E tal fraqueza do direito constitucional não pode ser, por sua vez, totalmente compensada por
meio da jurisdição constitucional, somente atenuada.
Os pressupostos do direito legítimo, portanto, são sempre apenas razoavelmente
cumpridos. O déficit mais relevante verificado no início do Estado de Direito consistiu em que os
representantes detinham poder limitado de decisão, localizando-se esses poderes decisórios,
sobretudo, no interior dos partidos políticos. Isso é veraz sobretudo no que se refere a grandes
democracias com eleições continuadas e inquebrantáveis necessidades decisórias. Somente com a
redução e simplificação dos processos de decisão podem esses Estados fazer tais escolhas terem
efeitos de imposição jurídica. A disputa partidária também funciona como um importante
mecanismo de retro-acoplamento entre encarregados e comitentes. São os partidos oriundos da
própria sociedade que superam o abismo entre estado e sociedade. Na instituição estatal eles
podem ocupar posições de mando mediante eleições, configurando, portanto, um Estado do Povo.

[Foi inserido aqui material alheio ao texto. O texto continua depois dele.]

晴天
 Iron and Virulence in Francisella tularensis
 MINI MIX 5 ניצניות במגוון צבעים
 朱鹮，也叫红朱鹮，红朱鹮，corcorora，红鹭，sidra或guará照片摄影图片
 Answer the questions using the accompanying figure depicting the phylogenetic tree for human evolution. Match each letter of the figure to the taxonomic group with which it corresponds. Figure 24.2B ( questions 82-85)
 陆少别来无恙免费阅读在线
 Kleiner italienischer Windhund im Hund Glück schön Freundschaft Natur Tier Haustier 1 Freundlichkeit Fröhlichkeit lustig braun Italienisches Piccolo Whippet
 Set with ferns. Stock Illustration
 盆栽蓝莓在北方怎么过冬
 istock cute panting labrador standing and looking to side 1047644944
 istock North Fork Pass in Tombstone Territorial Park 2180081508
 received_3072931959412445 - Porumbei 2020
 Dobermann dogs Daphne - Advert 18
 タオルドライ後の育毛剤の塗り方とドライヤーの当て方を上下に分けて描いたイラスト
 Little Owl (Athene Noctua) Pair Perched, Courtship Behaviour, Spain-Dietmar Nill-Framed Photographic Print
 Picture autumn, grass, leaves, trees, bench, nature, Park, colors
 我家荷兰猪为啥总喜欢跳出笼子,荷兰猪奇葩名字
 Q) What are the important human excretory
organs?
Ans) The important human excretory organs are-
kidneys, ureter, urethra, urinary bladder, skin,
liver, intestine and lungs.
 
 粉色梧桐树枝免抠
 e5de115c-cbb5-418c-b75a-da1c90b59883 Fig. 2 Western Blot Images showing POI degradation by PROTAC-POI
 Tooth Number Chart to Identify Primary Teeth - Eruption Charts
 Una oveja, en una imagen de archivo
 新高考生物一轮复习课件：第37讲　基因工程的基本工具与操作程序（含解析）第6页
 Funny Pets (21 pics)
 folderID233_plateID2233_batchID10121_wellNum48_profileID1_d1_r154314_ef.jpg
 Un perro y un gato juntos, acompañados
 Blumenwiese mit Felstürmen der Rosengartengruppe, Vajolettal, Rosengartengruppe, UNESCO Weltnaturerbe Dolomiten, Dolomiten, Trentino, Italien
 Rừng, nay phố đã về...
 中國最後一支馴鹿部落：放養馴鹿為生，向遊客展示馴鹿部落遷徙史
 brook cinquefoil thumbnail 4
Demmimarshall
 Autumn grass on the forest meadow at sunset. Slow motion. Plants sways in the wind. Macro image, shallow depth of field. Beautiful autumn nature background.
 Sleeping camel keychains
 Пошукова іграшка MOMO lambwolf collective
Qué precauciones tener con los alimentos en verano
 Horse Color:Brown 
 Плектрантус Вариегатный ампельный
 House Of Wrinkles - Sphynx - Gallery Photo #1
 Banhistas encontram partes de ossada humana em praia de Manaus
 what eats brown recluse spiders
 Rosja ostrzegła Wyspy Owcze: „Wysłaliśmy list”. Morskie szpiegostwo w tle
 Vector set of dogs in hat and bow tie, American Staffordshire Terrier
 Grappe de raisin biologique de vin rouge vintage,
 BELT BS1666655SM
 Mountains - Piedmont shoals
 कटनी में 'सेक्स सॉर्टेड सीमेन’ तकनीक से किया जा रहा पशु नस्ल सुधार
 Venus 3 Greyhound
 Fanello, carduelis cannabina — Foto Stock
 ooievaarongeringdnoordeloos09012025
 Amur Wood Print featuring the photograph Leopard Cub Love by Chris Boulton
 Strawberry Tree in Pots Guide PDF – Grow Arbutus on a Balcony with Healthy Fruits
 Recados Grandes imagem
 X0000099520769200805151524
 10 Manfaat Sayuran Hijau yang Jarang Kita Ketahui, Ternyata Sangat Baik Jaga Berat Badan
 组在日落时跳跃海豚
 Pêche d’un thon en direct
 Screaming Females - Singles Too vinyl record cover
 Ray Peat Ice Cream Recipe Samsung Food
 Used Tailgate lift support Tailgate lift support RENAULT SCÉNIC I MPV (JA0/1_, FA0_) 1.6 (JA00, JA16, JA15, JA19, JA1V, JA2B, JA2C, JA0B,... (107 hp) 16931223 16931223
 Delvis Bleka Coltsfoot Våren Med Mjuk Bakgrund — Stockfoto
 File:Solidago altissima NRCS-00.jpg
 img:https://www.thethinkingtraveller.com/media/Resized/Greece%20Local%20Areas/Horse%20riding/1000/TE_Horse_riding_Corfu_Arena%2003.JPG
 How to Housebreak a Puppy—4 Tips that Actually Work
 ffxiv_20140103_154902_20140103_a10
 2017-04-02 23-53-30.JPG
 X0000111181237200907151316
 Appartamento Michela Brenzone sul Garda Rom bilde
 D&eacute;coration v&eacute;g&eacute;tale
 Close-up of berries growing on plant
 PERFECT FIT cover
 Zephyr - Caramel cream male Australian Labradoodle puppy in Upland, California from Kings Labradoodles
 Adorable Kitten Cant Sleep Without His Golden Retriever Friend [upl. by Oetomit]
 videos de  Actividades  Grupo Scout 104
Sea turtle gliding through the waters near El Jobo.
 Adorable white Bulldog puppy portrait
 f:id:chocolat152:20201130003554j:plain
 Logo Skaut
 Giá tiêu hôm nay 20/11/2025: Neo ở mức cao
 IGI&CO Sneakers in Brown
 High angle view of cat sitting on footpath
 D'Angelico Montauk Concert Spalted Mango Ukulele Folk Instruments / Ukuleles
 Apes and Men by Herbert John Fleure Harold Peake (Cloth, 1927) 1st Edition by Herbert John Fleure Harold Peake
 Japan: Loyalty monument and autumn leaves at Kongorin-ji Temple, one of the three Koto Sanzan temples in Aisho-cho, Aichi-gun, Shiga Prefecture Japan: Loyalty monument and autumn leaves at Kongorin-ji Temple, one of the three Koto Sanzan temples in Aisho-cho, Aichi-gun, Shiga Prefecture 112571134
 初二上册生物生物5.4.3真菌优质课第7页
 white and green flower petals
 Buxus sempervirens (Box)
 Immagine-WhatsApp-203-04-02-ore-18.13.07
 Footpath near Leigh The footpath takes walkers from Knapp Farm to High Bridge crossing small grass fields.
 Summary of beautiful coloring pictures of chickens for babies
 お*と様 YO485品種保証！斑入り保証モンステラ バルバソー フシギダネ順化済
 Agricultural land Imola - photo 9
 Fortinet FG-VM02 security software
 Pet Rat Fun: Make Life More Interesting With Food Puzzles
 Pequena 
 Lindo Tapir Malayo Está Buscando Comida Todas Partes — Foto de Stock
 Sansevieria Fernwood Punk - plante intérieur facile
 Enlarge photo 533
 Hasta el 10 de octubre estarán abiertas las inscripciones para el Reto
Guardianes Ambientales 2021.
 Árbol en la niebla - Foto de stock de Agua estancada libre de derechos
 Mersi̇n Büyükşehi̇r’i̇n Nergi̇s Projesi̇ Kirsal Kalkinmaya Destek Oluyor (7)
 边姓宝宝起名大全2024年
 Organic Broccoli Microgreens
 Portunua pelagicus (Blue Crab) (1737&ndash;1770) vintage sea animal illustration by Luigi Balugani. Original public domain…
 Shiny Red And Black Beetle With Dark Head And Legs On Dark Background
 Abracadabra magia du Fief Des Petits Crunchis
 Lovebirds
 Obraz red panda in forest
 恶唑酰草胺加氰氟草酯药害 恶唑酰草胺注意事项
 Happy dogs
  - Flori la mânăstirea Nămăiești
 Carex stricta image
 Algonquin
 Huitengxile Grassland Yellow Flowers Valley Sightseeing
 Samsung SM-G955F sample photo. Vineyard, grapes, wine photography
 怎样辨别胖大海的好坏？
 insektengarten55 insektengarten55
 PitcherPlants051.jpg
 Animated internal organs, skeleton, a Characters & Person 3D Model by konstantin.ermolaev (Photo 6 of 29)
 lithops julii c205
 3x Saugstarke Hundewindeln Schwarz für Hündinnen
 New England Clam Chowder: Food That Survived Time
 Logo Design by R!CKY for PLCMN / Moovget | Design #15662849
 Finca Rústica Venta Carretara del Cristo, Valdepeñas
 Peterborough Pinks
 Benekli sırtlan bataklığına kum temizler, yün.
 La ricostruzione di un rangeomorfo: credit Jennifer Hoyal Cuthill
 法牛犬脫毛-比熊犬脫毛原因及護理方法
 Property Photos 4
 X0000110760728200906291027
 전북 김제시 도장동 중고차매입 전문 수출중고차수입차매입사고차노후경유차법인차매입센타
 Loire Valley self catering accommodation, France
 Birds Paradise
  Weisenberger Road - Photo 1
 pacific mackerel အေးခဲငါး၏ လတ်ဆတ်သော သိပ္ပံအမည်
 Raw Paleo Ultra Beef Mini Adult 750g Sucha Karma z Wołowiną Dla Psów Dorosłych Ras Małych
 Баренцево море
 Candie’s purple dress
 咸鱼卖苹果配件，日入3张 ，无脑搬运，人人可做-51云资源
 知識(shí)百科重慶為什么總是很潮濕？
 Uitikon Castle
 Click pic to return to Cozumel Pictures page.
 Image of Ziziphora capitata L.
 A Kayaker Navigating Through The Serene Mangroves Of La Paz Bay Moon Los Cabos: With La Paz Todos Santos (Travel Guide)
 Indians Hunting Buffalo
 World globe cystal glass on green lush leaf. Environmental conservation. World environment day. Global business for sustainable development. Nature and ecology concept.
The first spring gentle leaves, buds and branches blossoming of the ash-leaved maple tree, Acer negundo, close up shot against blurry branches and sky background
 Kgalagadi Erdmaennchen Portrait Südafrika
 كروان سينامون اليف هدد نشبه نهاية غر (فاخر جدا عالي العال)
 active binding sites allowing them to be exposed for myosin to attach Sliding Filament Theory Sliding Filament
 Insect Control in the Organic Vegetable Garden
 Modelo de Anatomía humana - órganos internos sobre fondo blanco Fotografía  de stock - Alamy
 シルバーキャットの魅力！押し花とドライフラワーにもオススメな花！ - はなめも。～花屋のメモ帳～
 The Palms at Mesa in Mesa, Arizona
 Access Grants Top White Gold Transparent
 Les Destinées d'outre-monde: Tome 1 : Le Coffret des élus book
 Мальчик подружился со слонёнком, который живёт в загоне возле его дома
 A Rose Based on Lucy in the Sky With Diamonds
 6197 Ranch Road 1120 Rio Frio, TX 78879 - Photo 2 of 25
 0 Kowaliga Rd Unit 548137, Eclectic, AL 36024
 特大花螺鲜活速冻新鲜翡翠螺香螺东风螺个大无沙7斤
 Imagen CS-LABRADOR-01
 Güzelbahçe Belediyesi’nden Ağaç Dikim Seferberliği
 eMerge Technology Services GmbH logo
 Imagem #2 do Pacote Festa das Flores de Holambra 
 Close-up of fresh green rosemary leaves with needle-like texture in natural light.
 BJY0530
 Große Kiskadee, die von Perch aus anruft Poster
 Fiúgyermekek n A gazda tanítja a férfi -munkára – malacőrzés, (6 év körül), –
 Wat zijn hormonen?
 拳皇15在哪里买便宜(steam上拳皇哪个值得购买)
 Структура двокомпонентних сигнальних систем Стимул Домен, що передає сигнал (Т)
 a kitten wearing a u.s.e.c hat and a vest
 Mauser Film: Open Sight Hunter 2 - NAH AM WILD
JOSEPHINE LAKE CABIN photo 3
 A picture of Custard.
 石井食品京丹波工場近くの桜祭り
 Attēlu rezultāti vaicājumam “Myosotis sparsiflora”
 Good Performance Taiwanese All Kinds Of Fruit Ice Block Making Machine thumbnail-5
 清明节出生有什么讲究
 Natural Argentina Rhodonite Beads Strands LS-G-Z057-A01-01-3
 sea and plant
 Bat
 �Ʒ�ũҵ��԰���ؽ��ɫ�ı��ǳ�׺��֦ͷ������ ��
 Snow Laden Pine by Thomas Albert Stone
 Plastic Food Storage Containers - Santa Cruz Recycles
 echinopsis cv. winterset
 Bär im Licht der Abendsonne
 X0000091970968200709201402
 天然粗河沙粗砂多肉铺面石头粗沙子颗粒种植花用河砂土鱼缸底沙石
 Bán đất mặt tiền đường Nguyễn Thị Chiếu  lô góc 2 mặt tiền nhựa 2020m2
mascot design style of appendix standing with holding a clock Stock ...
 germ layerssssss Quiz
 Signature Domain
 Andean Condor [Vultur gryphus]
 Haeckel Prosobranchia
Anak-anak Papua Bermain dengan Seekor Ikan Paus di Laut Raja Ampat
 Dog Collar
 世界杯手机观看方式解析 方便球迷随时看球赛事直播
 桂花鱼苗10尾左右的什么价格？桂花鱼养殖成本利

Por outro lado, são próprios partidos que produzem, sob as condições de uma política cada vez
mais profissionalizada, aquele que talvez seja o maior ponto fraco do sistema democrático.
Esse problema tem suas raízes no fato de que os partidos políticos, para poderem, sob o
quadro das permissões constitucionais, transformar seus programas em normas jurídicas
impositivas, não têm como prescindir de revesti-los com o poder estatal que as eleições oferecem.
[493] Desde seu ponto de vista, para que isso se torne possível, eles tratam como “racional”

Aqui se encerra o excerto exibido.